[Working data]
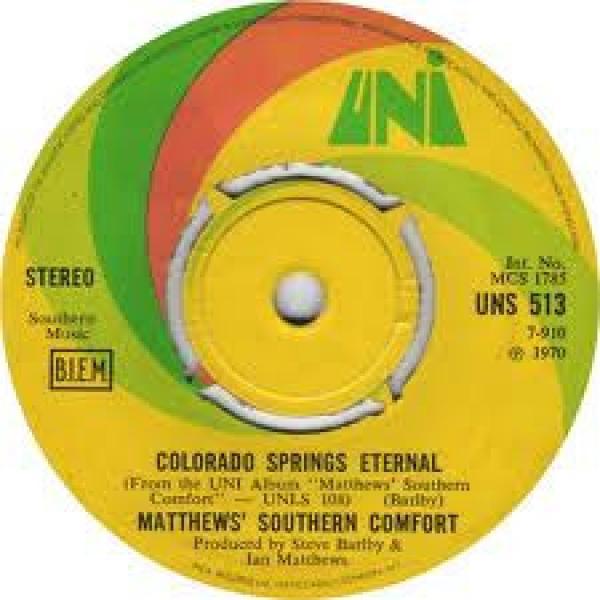 Matthews' Southern Comfort - Colorado Springs Eternal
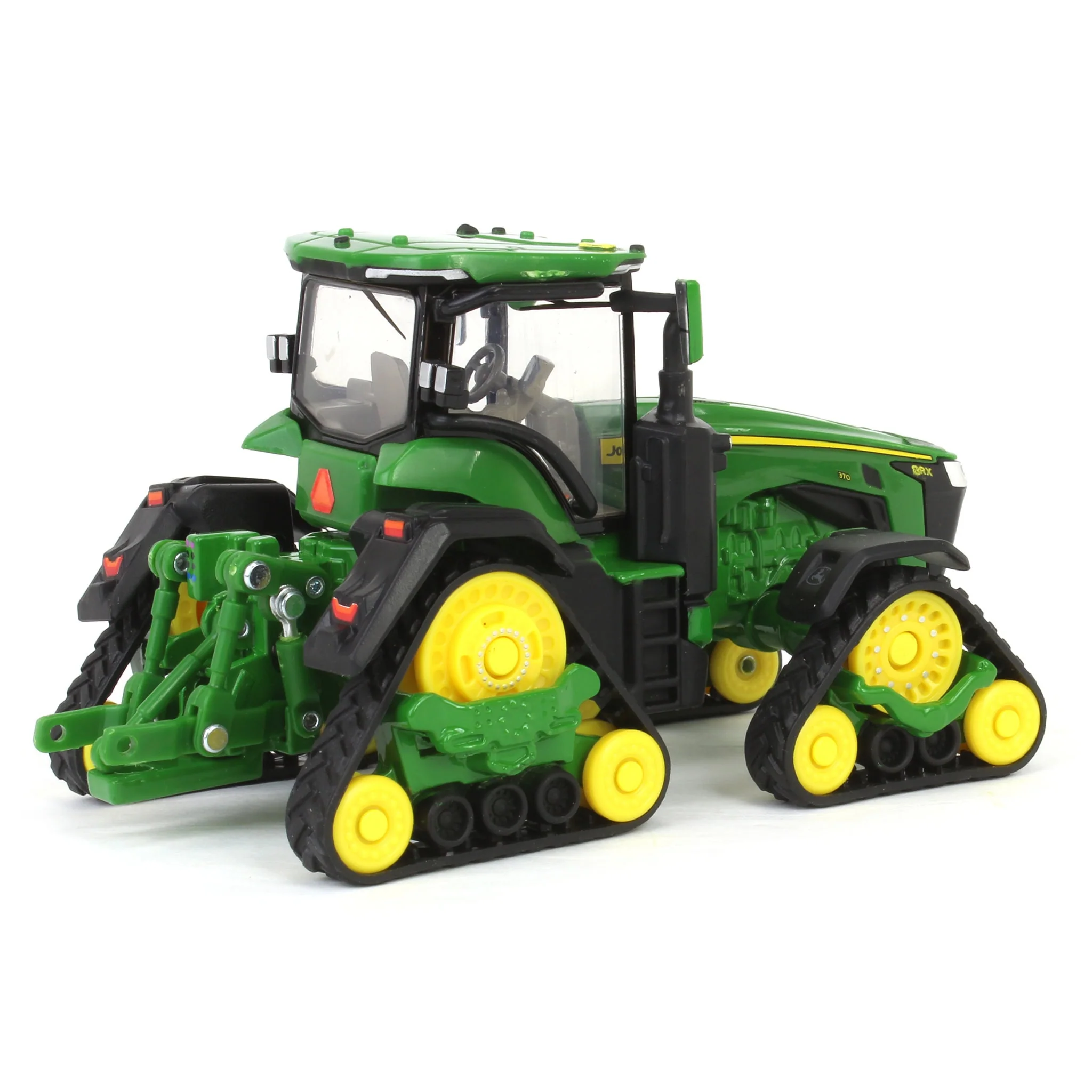 John Deere 8RX 370 Kettentraktor mit breiter Achse- Prestige Collection - – Bild 3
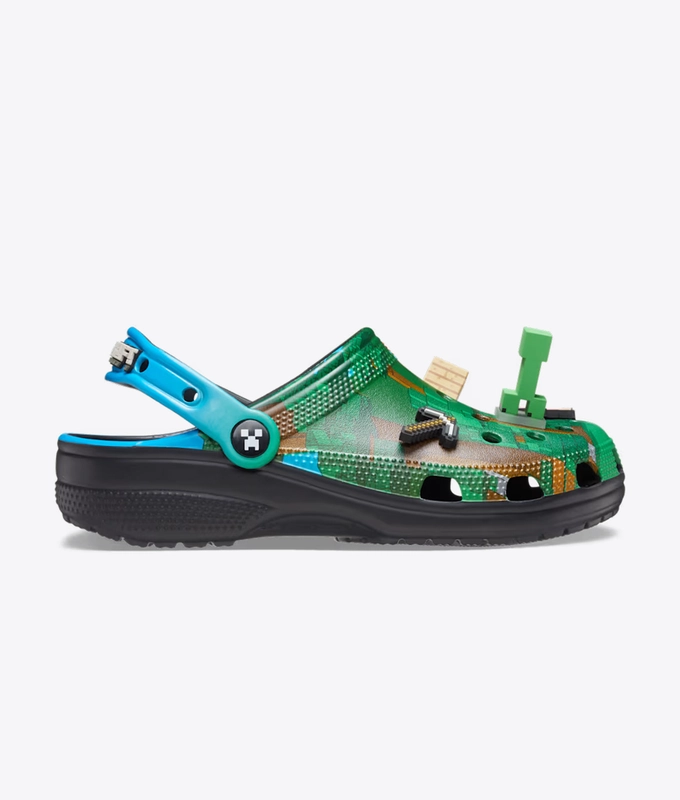 MINECRAFT CLASSIC CLOG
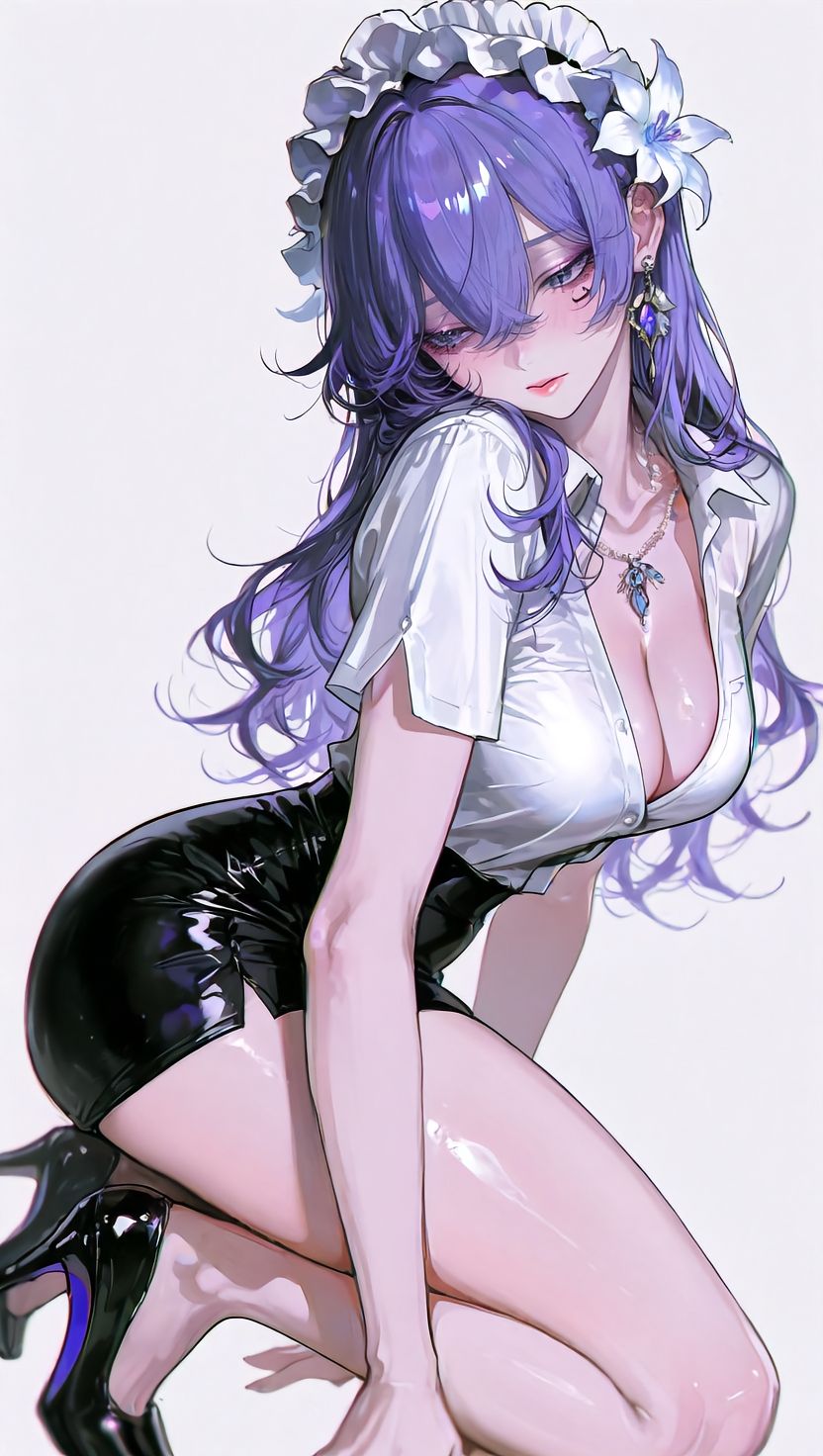 就拿这个考验漂泊者#鸣潮 #鸣潮坎特蕾拉 #御姐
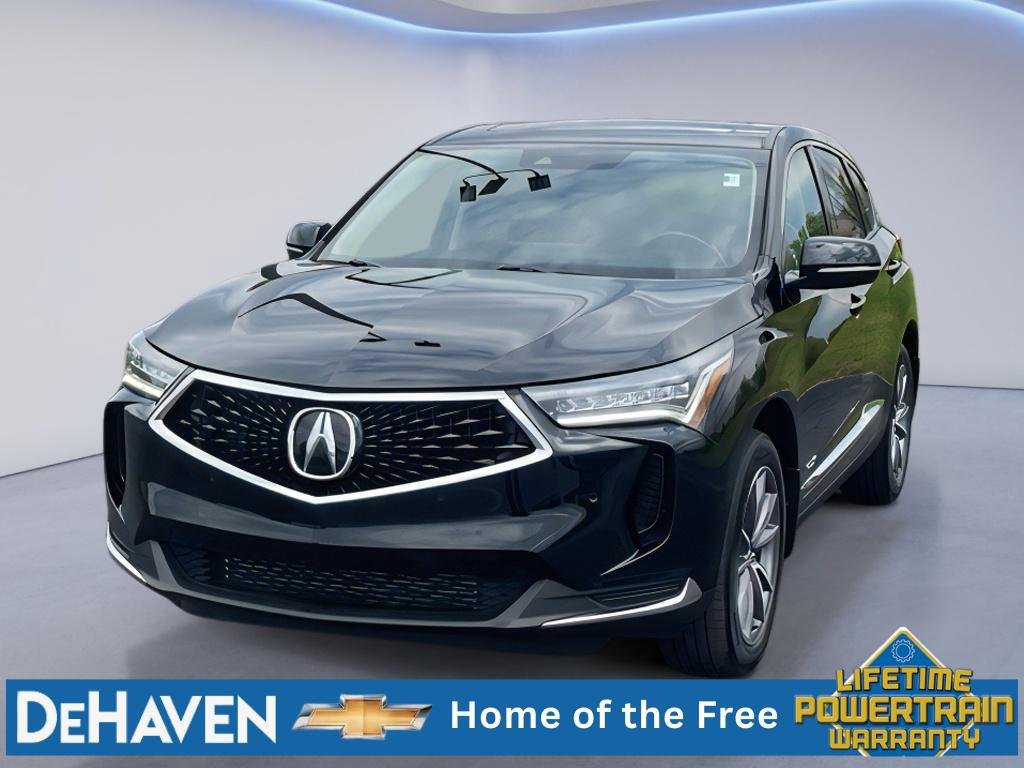 Used 2023 Acura RDX AWD w/ Technology Package
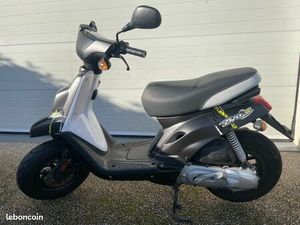 MAGNIFIQUE SCOOTER YAMAHA BW’S 50
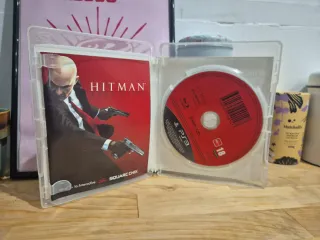 Hitman Absolution Benelux Limited Edition PS3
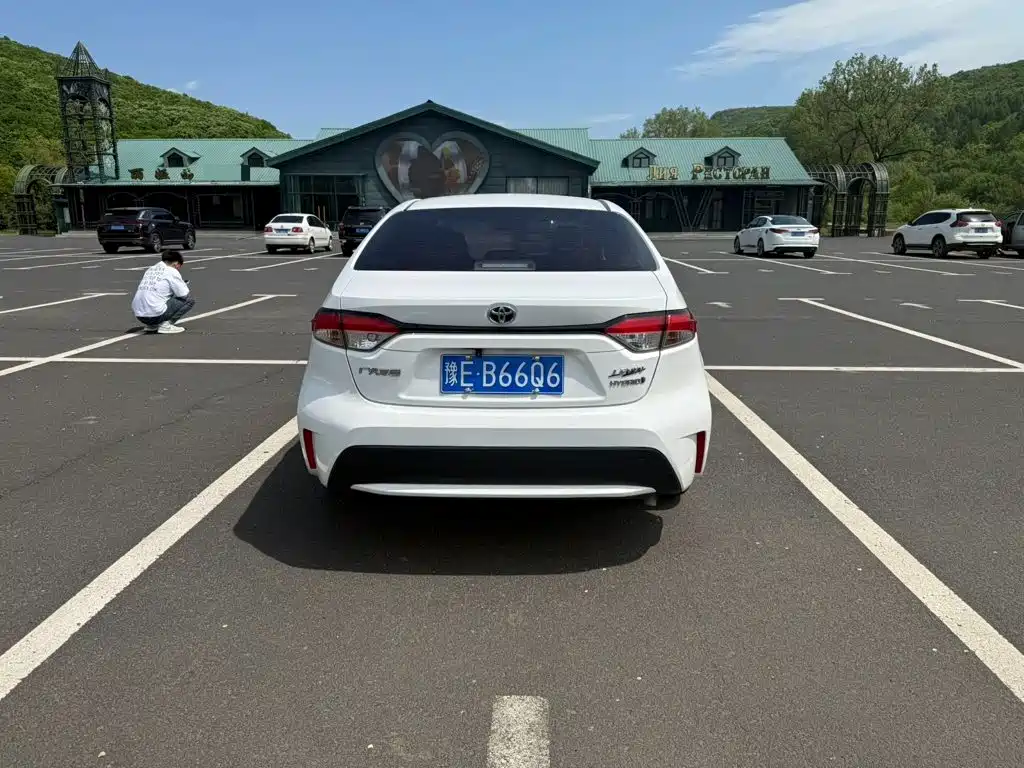 Toyota Levin 2022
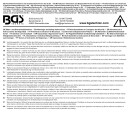 Druckluft-Ventilfederspanner-Satz | 15-tlg.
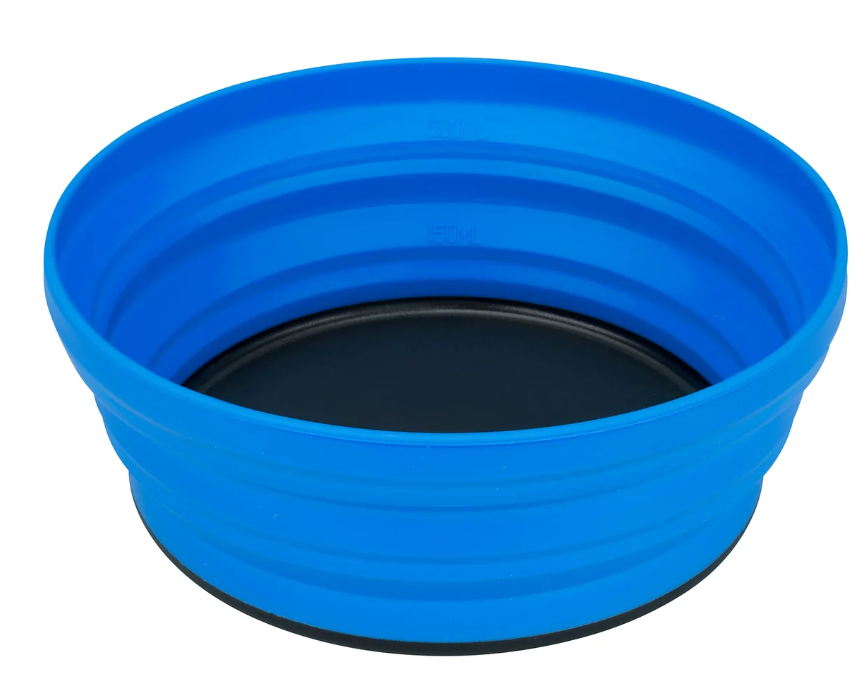 Sea To Summit XL-BOWL קערת סיליקון מתקפלת 1150 מ"ל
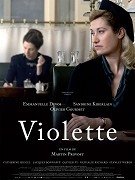 Violette – plakát filmu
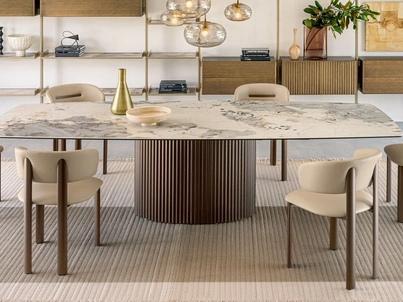 Tavolo Enea di Riflessi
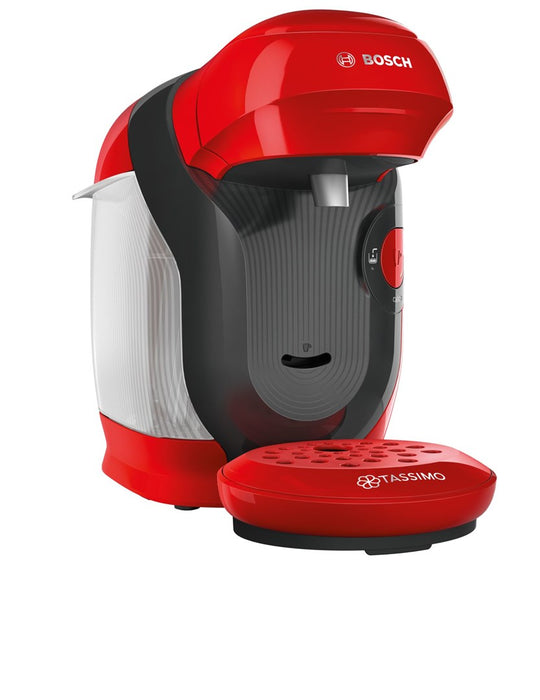 Кафемашина Bosch Tassimo Style TAS1103 Напълно автоматична Кафе машина на капсули 0,7 L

[Exercise aim]
Each record must be repeated exactly, and no picture may be carried over.

[Problem solution]
 Matthews' Southern Comfort - Colorado Springs Eternal
 John Deere 8RX 370 Kettentraktor mit breiter Achse- Prestige Collection - – Bild 3
 MINECRAFT CLASSIC CLOG
 就拿这个考验漂泊者#鸣潮 #鸣潮坎特蕾拉 #御姐
 Used 2023 Acura RDX AWD w/ Technology Package
 MAGNIFIQUE SCOOTER YAMAHA BW’S 50
 Hitman Absolution Benelux Limited Edition PS3
 Toyota Levin 2022
 Druckluft-Ventilfederspanner-Satz | 15-tlg.
 Sea To Summit XL-BOWL קערת סיליקון מתקפלת 1150 מ"ל
 Violette – plakát filmu
 Tavolo Enea di Riflessi
 Кафемашина Bosch Tassimo Style TAS1103 Напълно автоматична Кафе машина на капсули 0,7 L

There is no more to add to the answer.